- _WORK TO BE COMPLETED_:
Given the records below, would you repeat exactly the lines that begin at the one containing "412 New River" and end at the one containing "Elisabetta Canalis feet photo thumbnail", inclusive?

Records from a data source

# # #

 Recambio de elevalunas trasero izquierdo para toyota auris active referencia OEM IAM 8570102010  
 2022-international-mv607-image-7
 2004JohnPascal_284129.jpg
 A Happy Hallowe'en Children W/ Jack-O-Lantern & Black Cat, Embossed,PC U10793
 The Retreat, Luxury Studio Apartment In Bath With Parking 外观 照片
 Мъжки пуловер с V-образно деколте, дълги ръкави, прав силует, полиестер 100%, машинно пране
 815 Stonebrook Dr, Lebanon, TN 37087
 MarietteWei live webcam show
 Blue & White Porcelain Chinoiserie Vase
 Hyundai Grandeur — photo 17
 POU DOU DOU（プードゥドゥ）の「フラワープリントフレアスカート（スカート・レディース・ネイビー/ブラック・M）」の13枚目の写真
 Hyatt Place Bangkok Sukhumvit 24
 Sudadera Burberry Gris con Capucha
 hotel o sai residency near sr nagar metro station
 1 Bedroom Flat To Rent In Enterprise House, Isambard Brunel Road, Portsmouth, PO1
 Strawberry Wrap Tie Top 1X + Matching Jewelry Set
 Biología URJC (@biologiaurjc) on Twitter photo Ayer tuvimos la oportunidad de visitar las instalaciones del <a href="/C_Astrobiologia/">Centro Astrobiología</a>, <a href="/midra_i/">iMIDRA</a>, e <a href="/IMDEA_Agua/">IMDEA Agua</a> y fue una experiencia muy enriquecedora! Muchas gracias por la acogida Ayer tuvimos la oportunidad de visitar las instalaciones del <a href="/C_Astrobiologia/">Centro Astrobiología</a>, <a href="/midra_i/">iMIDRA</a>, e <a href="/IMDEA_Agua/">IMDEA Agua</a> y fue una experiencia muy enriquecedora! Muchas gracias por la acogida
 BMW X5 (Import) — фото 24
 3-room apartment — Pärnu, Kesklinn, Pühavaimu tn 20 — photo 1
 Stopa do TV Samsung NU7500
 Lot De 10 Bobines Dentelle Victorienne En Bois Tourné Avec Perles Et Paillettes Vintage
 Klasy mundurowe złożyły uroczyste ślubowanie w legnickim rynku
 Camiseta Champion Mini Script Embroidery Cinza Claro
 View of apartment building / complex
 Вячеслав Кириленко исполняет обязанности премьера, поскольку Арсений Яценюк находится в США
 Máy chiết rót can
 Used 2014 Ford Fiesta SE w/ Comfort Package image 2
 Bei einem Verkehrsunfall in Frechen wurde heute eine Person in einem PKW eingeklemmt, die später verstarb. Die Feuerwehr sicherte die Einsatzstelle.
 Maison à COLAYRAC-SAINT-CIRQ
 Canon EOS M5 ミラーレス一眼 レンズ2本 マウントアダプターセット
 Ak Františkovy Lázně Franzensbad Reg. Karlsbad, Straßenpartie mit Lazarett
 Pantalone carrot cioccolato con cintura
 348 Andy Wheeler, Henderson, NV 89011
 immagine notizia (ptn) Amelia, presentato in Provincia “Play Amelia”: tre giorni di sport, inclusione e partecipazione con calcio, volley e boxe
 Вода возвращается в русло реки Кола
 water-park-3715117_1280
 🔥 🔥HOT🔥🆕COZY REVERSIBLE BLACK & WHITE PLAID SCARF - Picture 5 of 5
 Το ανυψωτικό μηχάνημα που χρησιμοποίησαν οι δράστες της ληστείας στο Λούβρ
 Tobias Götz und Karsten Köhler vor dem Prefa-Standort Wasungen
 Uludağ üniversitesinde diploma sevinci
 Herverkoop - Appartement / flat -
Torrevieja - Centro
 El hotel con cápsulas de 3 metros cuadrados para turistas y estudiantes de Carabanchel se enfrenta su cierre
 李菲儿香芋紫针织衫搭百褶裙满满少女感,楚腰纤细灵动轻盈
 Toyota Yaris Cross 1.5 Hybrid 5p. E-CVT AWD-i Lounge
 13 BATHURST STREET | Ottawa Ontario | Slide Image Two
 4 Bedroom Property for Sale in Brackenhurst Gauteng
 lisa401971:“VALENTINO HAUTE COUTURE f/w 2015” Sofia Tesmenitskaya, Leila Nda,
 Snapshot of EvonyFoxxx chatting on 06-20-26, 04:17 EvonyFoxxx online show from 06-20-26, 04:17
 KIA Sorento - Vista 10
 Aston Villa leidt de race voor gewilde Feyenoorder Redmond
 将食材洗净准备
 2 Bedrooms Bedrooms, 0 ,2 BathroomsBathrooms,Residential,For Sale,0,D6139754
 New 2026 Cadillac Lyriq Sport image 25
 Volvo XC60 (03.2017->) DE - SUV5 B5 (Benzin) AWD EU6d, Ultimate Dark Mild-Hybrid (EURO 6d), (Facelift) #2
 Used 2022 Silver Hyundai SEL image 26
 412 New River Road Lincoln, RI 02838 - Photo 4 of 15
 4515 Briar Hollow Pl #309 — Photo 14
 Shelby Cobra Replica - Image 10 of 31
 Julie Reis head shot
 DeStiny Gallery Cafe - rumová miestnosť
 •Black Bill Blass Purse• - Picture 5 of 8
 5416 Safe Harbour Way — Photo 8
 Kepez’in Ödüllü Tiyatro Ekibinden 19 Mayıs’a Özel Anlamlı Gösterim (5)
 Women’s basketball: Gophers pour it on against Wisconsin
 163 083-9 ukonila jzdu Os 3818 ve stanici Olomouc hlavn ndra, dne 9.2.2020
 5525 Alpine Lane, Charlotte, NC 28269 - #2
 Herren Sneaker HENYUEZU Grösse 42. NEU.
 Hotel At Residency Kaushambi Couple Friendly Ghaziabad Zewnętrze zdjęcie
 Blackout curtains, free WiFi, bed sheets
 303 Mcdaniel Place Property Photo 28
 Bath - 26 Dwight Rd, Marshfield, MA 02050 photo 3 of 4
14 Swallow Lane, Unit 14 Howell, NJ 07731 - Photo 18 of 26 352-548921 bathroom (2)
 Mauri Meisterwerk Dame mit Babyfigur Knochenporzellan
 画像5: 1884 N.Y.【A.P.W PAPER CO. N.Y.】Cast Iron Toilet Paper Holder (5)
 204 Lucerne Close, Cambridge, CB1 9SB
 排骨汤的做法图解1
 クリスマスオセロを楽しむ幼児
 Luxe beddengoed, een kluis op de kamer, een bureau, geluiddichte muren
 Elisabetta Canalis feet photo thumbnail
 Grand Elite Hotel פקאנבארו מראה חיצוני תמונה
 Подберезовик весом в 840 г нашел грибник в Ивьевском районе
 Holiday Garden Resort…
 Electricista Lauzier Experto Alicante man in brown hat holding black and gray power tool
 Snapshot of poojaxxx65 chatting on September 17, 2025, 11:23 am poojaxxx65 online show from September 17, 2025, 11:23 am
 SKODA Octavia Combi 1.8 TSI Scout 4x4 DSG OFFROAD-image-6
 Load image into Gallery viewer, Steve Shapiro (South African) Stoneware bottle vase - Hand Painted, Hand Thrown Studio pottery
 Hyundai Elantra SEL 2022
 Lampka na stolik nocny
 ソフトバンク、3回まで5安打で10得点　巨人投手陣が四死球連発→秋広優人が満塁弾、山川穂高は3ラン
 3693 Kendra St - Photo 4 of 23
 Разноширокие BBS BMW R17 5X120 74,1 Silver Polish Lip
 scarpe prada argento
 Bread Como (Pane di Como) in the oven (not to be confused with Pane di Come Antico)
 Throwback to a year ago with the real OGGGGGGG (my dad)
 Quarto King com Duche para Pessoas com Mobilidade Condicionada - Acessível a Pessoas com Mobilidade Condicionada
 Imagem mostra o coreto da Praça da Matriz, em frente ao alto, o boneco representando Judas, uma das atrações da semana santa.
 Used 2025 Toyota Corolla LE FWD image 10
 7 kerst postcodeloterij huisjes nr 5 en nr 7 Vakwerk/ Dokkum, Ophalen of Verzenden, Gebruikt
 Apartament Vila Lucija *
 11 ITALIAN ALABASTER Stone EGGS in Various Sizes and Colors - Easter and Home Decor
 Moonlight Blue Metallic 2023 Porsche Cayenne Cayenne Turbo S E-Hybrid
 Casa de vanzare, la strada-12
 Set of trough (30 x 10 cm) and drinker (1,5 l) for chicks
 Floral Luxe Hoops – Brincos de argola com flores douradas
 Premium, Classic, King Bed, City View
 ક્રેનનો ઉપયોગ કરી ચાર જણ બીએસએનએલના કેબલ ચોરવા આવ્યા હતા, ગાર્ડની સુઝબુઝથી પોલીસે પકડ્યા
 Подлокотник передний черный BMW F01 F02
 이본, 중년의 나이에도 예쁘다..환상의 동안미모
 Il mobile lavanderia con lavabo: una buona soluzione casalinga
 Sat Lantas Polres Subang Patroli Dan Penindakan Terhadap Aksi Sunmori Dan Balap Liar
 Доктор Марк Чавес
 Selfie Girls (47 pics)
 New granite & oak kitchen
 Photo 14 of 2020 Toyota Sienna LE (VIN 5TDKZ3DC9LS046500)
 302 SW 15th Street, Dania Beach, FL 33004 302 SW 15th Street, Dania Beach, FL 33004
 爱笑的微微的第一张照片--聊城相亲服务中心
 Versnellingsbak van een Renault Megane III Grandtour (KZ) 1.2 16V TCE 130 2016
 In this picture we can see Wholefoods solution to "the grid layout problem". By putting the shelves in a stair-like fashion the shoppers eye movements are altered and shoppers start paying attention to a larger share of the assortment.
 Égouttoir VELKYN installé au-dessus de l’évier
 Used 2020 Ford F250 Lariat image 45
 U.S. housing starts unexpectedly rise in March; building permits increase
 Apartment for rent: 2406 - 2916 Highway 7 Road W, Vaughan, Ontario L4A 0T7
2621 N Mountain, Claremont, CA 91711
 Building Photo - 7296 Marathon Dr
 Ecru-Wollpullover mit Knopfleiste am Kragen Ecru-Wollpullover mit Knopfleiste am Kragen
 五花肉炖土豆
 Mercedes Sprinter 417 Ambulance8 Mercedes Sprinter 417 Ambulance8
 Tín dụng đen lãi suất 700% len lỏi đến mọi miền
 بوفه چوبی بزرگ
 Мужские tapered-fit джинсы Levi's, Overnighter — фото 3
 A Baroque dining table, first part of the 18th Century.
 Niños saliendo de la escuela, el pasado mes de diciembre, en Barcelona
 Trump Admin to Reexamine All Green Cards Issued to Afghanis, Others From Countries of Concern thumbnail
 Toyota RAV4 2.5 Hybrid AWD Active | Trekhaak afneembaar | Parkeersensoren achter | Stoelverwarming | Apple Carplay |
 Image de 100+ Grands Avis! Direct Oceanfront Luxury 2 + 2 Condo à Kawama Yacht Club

# # #

- _RESULT OF THIS TASK_:
 412 New River Road Lincoln, RI 02838 - Photo 4 of 15
 4515 Briar Hollow Pl #309 — Photo 14
 Shelby Cobra Replica - Image 10 of 31
 Julie Reis head shot
 DeStiny Gallery Cafe - rumová miestnosť
 •Black Bill Blass Purse• - Picture 5 of 8
 5416 Safe Harbour Way — Photo 8
 Kepez’in Ödüllü Tiyatro Ekibinden 19 Mayıs’a Özel Anlamlı Gösterim (5)
 Women’s basketball: Gophers pour it on against Wisconsin
 163 083-9 ukonila jzdu Os 3818 ve stanici Olomouc hlavn ndra, dne 9.2.2020
 5525 Alpine Lane, Charlotte, NC 28269 - #2
 Herren Sneaker HENYUEZU Grösse 42. NEU.
 Hotel At Residency Kaushambi Couple Friendly Ghaziabad Zewnętrze zdjęcie
 Blackout curtains, free WiFi, bed sheets
 303 Mcdaniel Place Property Photo 28
 Bath - 26 Dwight Rd, Marshfield, MA 02050 photo 3 of 4
14 Swallow Lane, Unit 14 Howell, NJ 07731 - Photo 18 of 26 352-548921 bathroom (2)
 Mauri Meisterwerk Dame mit Babyfigur Knochenporzellan
 画像5: 1884 N.Y.【A.P.W PAPER CO. N.Y.】Cast Iron Toilet Paper Holder (5)
 204 Lucerne Close, Cambridge, CB1 9SB
 排骨汤的做法图解1
 クリスマスオセロを楽しむ幼児
 Luxe beddengoed, een kluis op de kamer, een bureau, geluiddichte muren
 Elisabetta Canalis feet photo thumbnail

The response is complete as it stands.